What to produce - Quote only the lines that start at the line with "VAIL LOW TOP SNEAKERS" and run to the end of the entries; omit the pictures.

Source information -
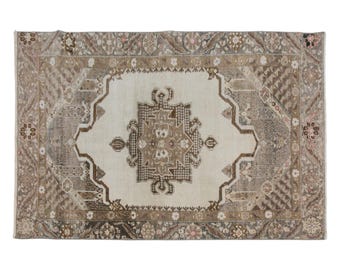 Vintage Kayseri Turkish Rug: Faded Taupe Medallion, 4 x 6.6 ft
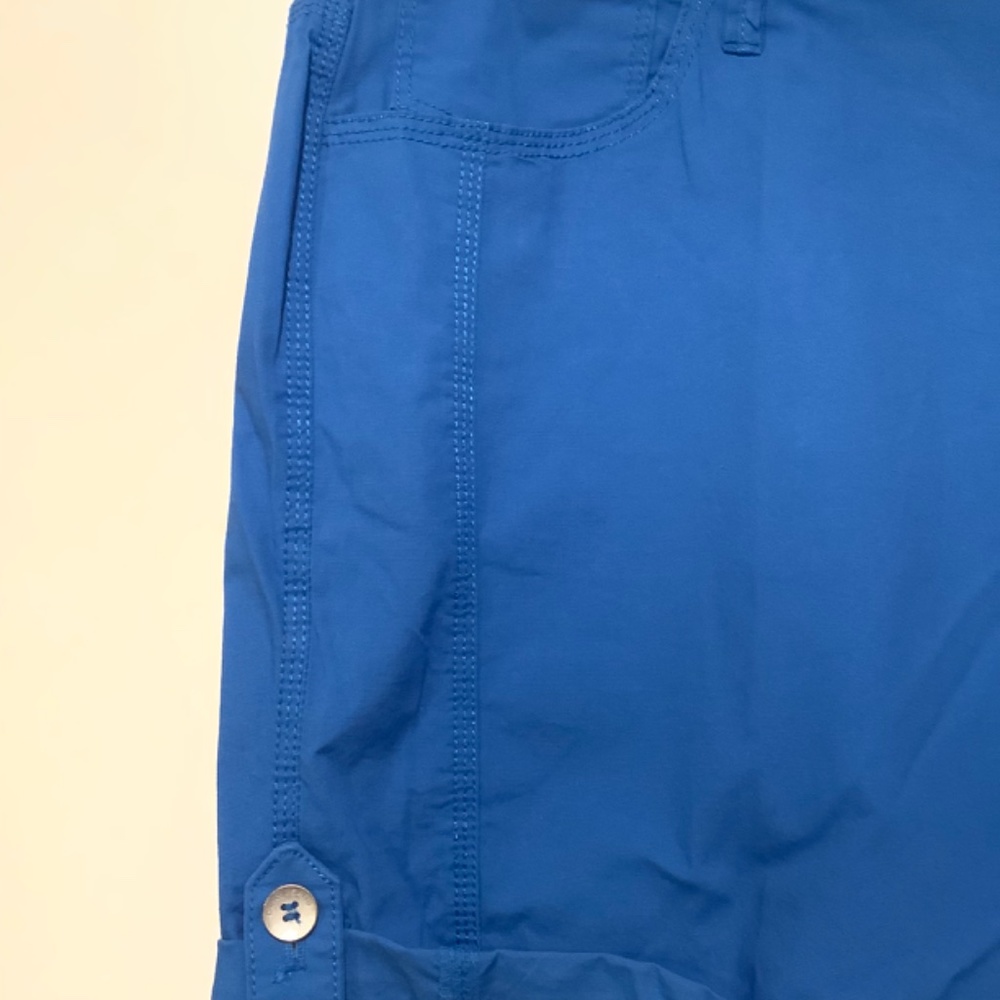 DKNY JEANS size 12 bright blue shorts - Picture 3 of 6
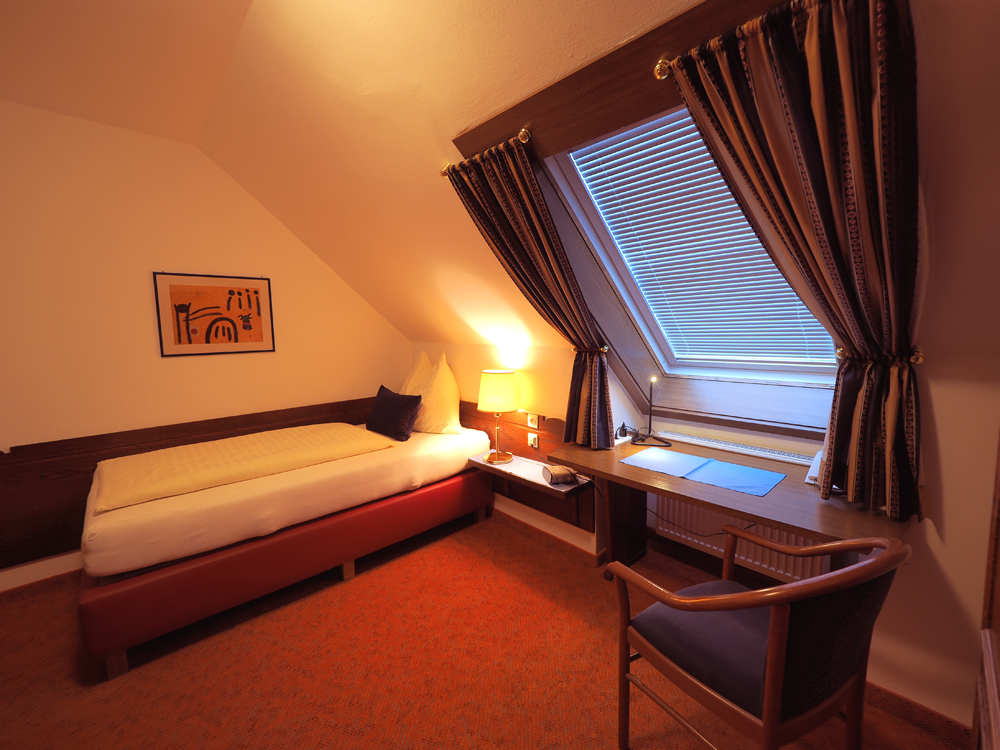 Monteur-Zimmer - Hinzenbach - Zimmer mit 1,20 x 2,00m Bett. Klimaanlage vorhanden - Hotel Schlair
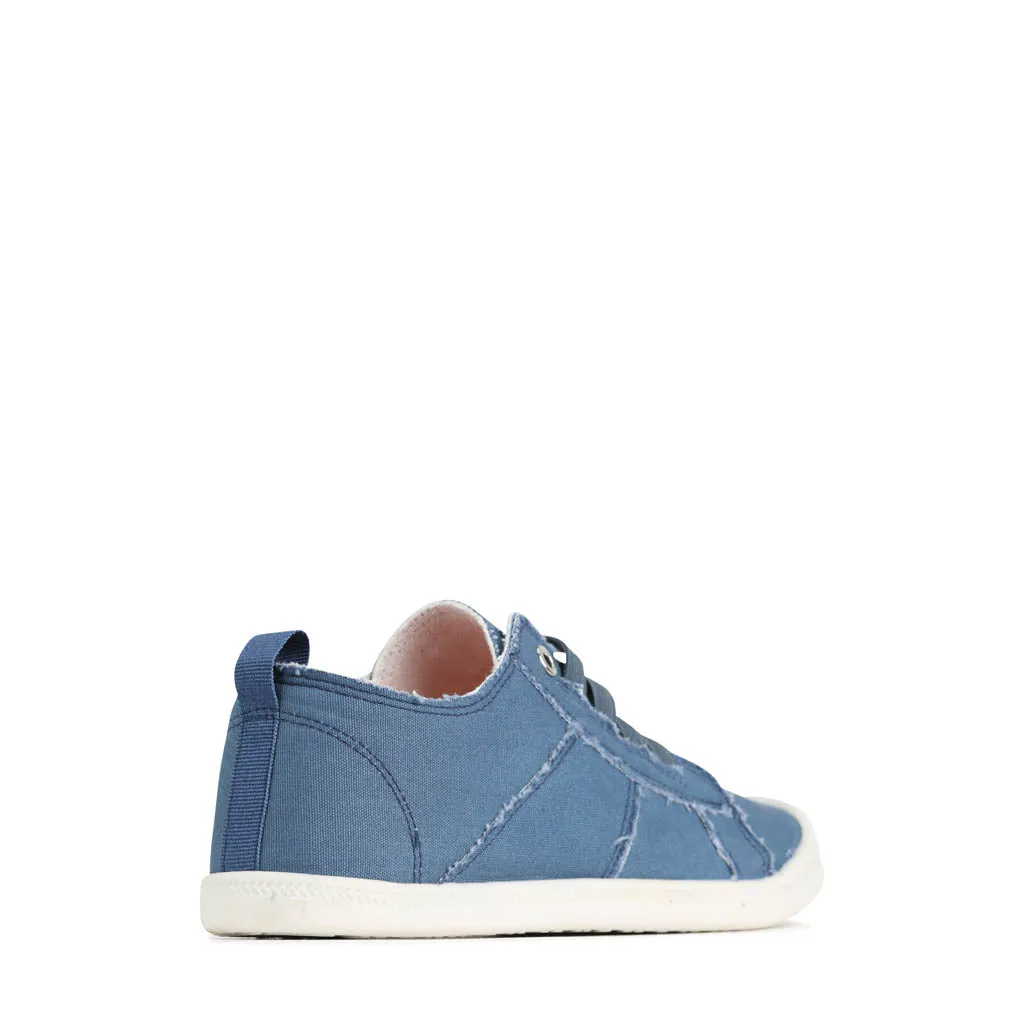 VAIL LOW TOP SNEAKERS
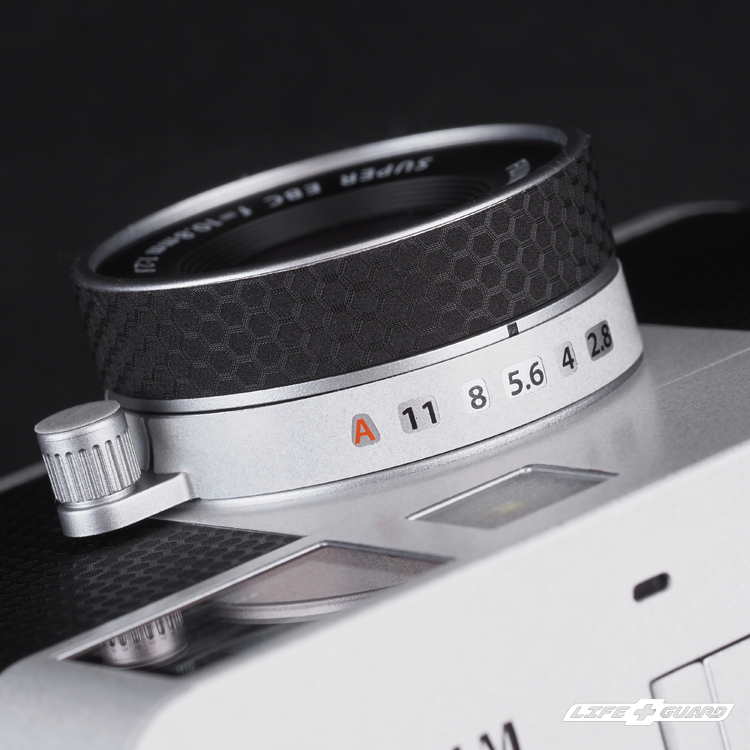 FUJIFILM X-HF1 X half 貼膜質感特寫，LIFE+GUARD 專機專屬設計開版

Solution -
 VAIL LOW TOP SNEAKERS
 FUJIFILM X-HF1 X half 貼膜質感特寫，LIFE+GUARD 專機專屬設計開版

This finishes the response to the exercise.